### [Records for the task]
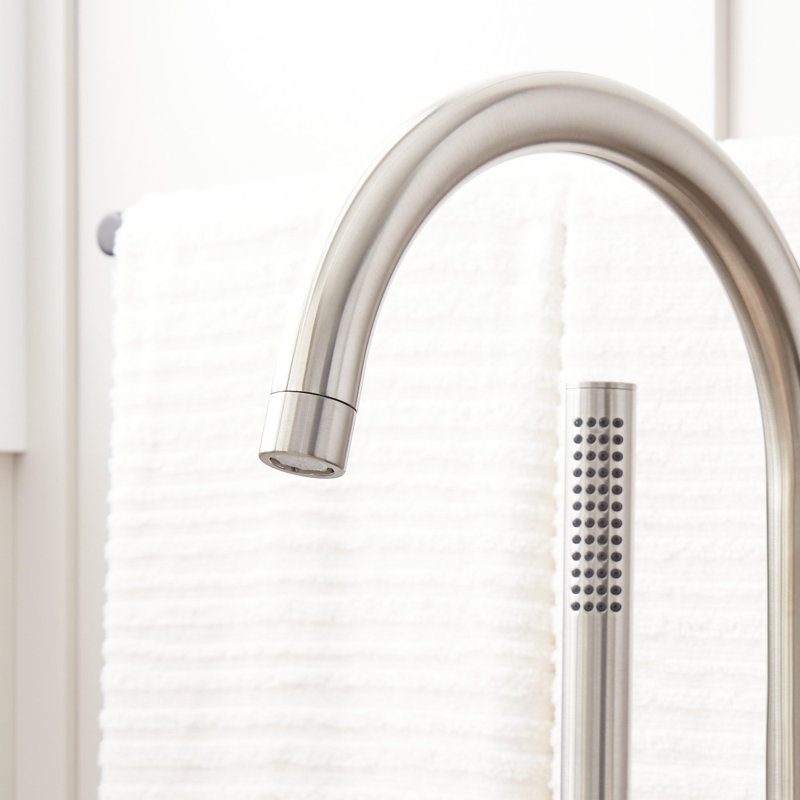 Lentz Freestanding Tub Faucet with rough-in valve - Lever Handle, Brushed Nickel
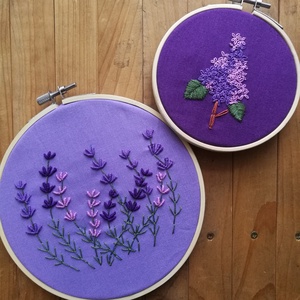 Anyáknapi levendula mező, hímzett falikép -  - Meska.hu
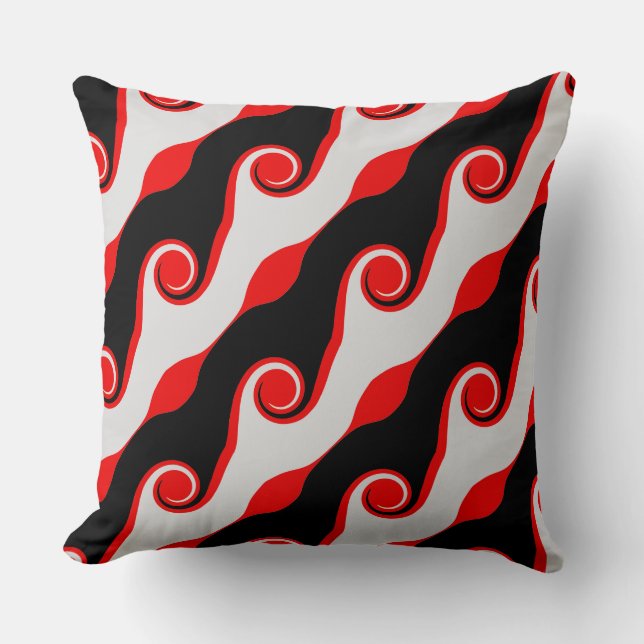 Black, Red and Silver Abstract Waves Throw Pillow (Front)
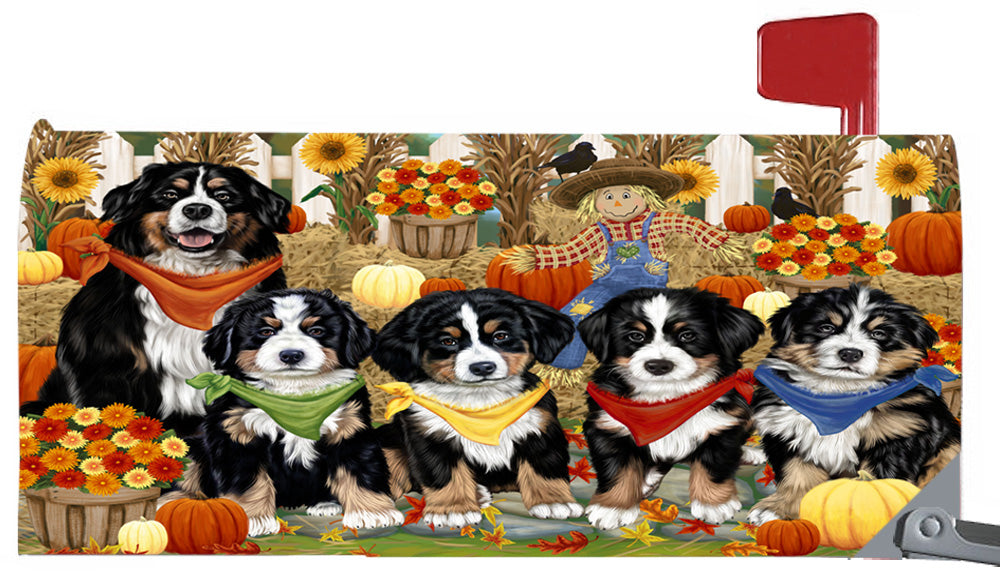 Magnetic Mailbox Cover Harvest Time Festival Day Bernese Mountain Dogs MBC48017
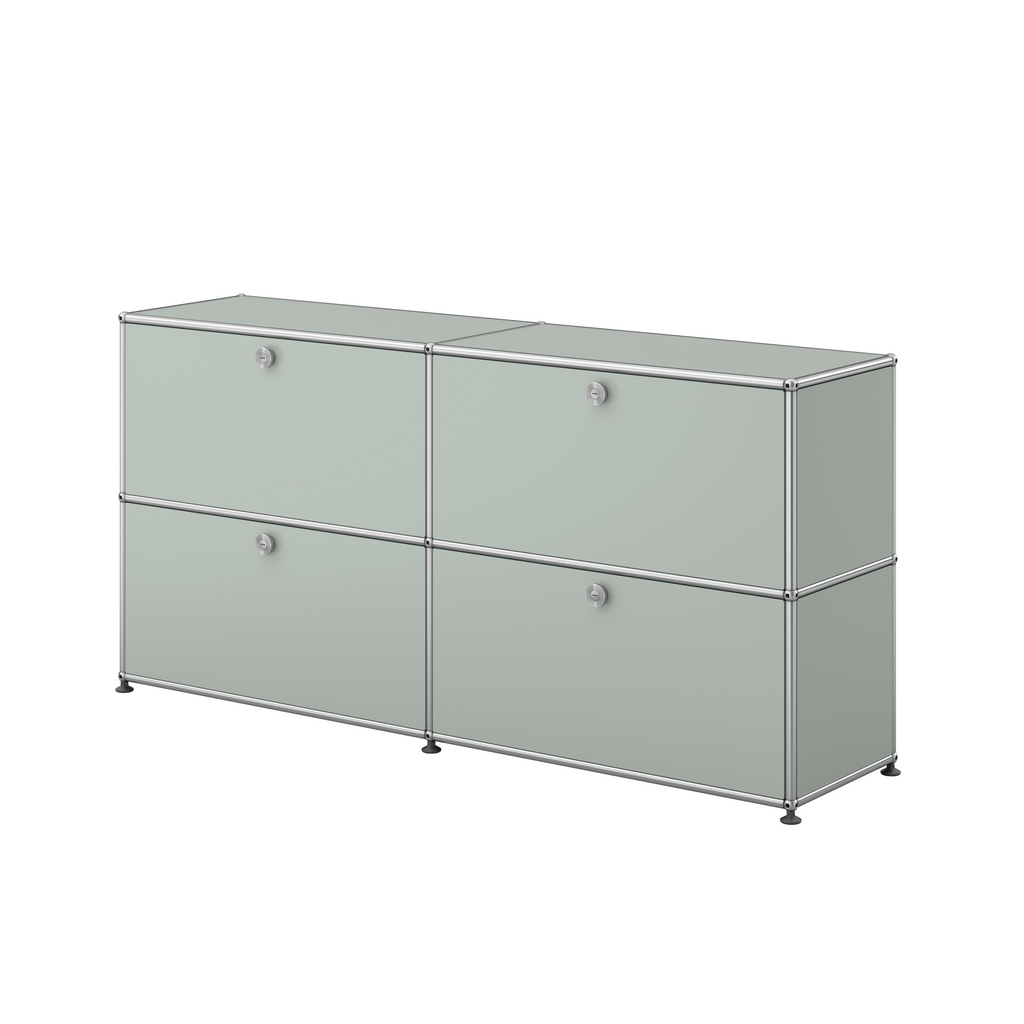 USM Haller Sideboard L in Lichtgrau mit vier Klapptüren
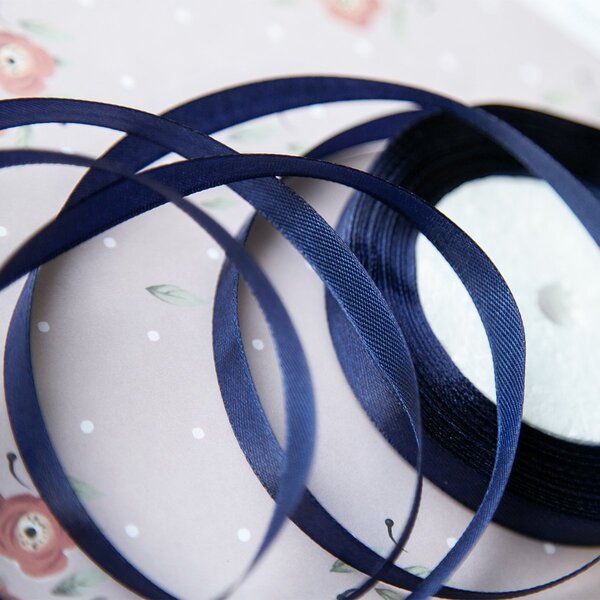 лента, атлас, цвет синий темный, ширина 10 мм ленты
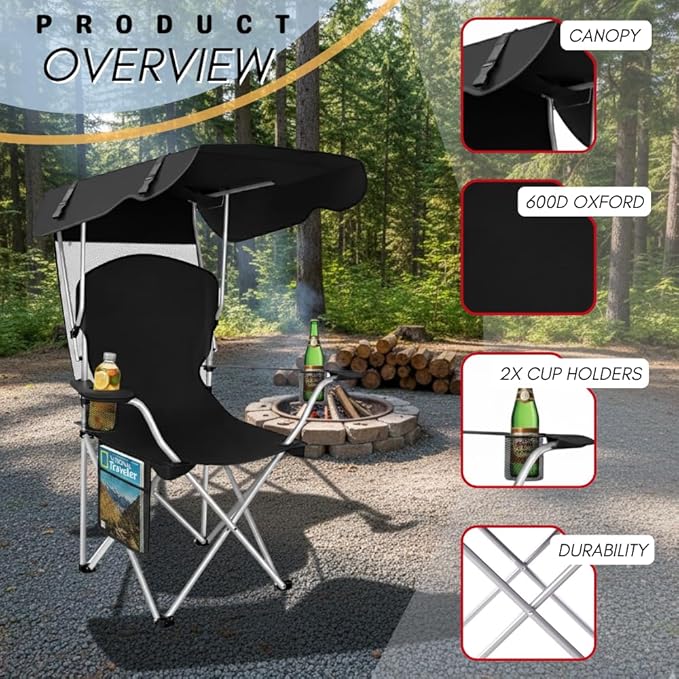 Portable Folding Camping Chairs with Canopy Shade, Beach Chair for Adults, Durable Weather Resistant 600D Oxford Cloth, Camping Chair with Canopy for Outdoors [Black-2 Pack]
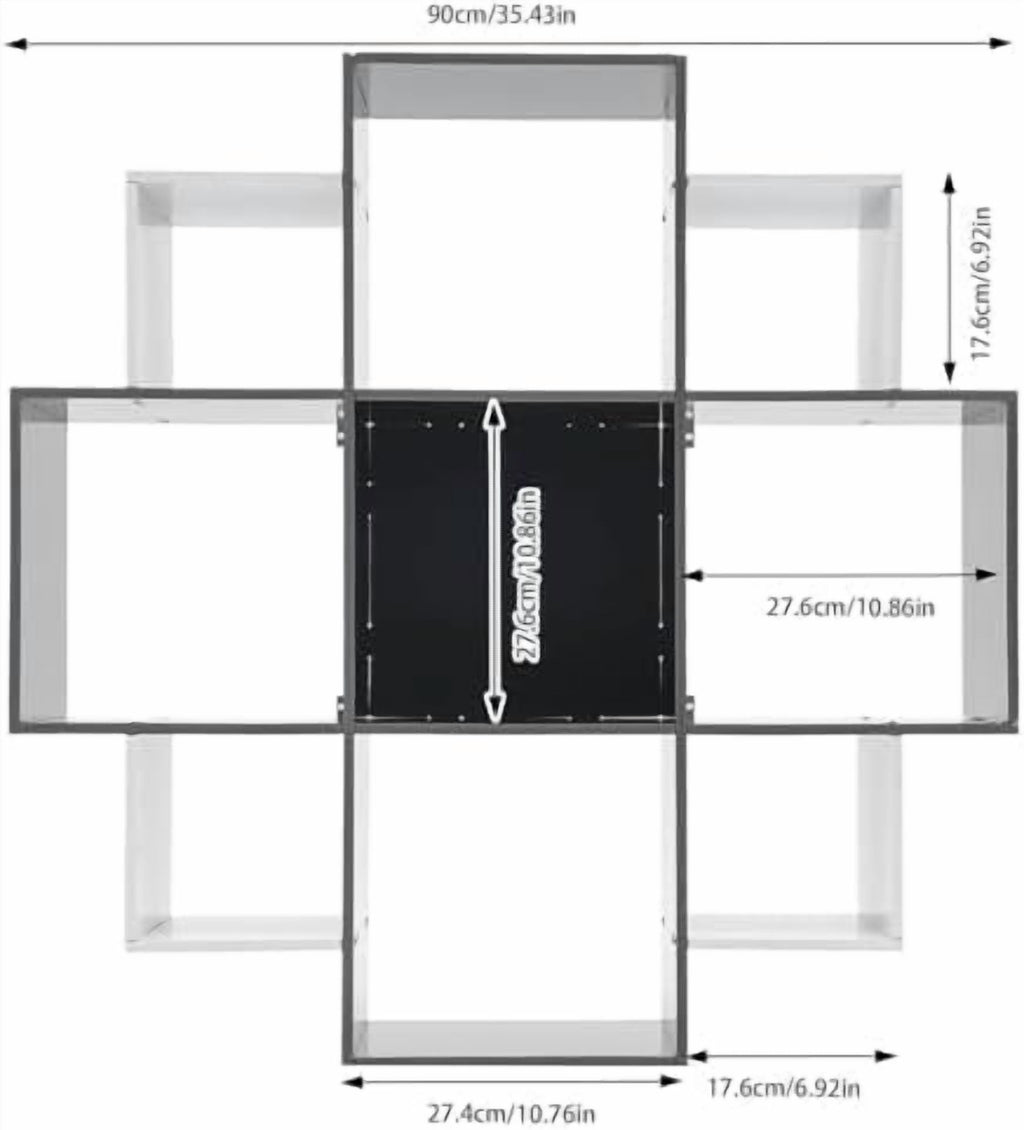 Bookcase Wall Mounted Book Shelf Modern 3-Tier Floating Shelf Bookcase with 9 Compartments, Floating Cube Shelves, for Study, Office, Kitchen, Bedroom, and Living Room (Red&amp;Black)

### [Exercise requirements]
Repeat only the lines between the top of the entries above and the line containing "лента, атлас, цвет", both ends included, without the pictures.

### [Task result]
 Lentz Freestanding Tub Faucet with rough-in valve - Lever Handle, Brushed Nickel
 Anyáknapi levendula mező, hímzett falikép -  - Meska.hu
 Black, Red and Silver Abstract Waves Throw Pillow (Front)
 Magnetic Mailbox Cover Harvest Time Festival Day Bernese Mountain Dogs MBC48017
 USM Haller Sideboard L in Lichtgrau mit vier Klapptüren
 лента, атлас, цвет синий темный, ширина 10 мм ленты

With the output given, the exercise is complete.